Margaret Beaufort, meanwhile, had married a third husband, Lord Stanley, a prominent Yorkist, and had become a frequent visitor to the court of Edward IV. Before the King died she had almost managed to persuade him to agree to a reconciliation with her son, which indicates that Edward no longer considered Henry a serious political threat, but the King’s death put an end to the Countess’s hopes. At least now Henry was allowed more freedom by Duke Francis, even if he was desperately short of money.
From 1471 onwards the only people who supported Henry Tudor’s claim to the throne were his mother, his immediate kinsmen, and his friends in exile, of whom the most prominent were Jasper Tudor and the Earl of Oxford. Henry’s claim derived from his mother, to whom he always deferred as the lawful heiress to the House of Lancaster. There was nothing in law to prevent Margaret Beaufort from claiming the crown herself, but in the political climate of the late fifteenth century she would have found very few supporters because of her sex. However, the crown had passed by descent through a woman on several occasions: King Stephen, Henry II and the Yorkist kings were notable examples of monarchs whose claim to the throne came via a female line.
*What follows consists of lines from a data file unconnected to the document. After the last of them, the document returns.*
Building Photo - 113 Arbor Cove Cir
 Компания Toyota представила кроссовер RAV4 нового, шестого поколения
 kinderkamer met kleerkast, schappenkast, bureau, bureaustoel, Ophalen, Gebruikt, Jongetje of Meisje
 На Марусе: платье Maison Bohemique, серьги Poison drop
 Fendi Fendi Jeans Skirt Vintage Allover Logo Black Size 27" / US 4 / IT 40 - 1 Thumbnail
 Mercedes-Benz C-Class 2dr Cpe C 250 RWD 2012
There were, in fact, descendants of the House of Lancaster with a better claim to the throne than Henry Tudor, namely the King of Portugal and the Queen of Castile, both descended from John of Gaunt by the lawfully-born daughters of his first and second wives. The Beaufort descendants of Gaunt, as we have seen, were barred from the succession, although it was widely felt that this had no basis in law. In any case the House of York had by far the best claim to the throne. On the face of it Henry Tudor’s prospects of wearing a crown seemed quite remote.
Richard III was not to begin with troubled by Henry Tudor’s pretensions. He was still on progress, and had travelled from Coventry, via Leicester, Nottingham and Doncaster, to Pontefract Castle, which he reached on 27th August. Here he was greeted by his small son Edward, who had been created Prince of Wales the day before and had just travelled over by chariot from Middleham. It was probably at Pontefract that Richard issued orders for the appointment of commissioners to deal with those arrested in connection with the conspiracies to restore Edward V.
Crowds were out in force to see the King and Queen make their ceremonial entry into York on 30th August. This was not entirely spontaneous because a week beforehand the King’s secretary, John Kendal, had sent, on Richard’s command, a letter to the City fathers commanding them ‘to receive his Highness and the Queen as laudably as your wisdom can imagine’. They should be ‘worshipfully received with pageants’ and other celebrations – guaranteed crowd-pullers. ‘Many southern lords and men of worship are with them and will greatly remark you receiving their Graces.’ The civic authorities had risen magnificently to the occasion, determined to impress the southerners, and Kendal’s assurance that the King intended to have ‘his lords and judges in every place sitting, determining the complaints of poor folks with due punishment of offenders [against] his laws’ brought many hopeful people to the streets to see the King welcomed by the Mayor and aldermen outside the Micklegate Bar and entertained inside the city walls with three spectacular pageants. If Richard was popular anywhere it was in York, and there were cheers for him that day.
Shortly afterwards Thomas Langton, who had the King to thank for his promotion to the See of St David’s and would soon receive an even richer see, that of Salisbury, when Lionel Wydville fled into exile, wrote of Richard:
He contents the people where he goes best that ever did prince, for many a poor man that hath suffered wrong many days have been relieved and helped by him and his commands in his progress. And in many great cities and towns were great sums of money given him which he hath refused. On my truth, I liked never the conditions of any prince so well as his; God hath sent him to us for the weal of us all.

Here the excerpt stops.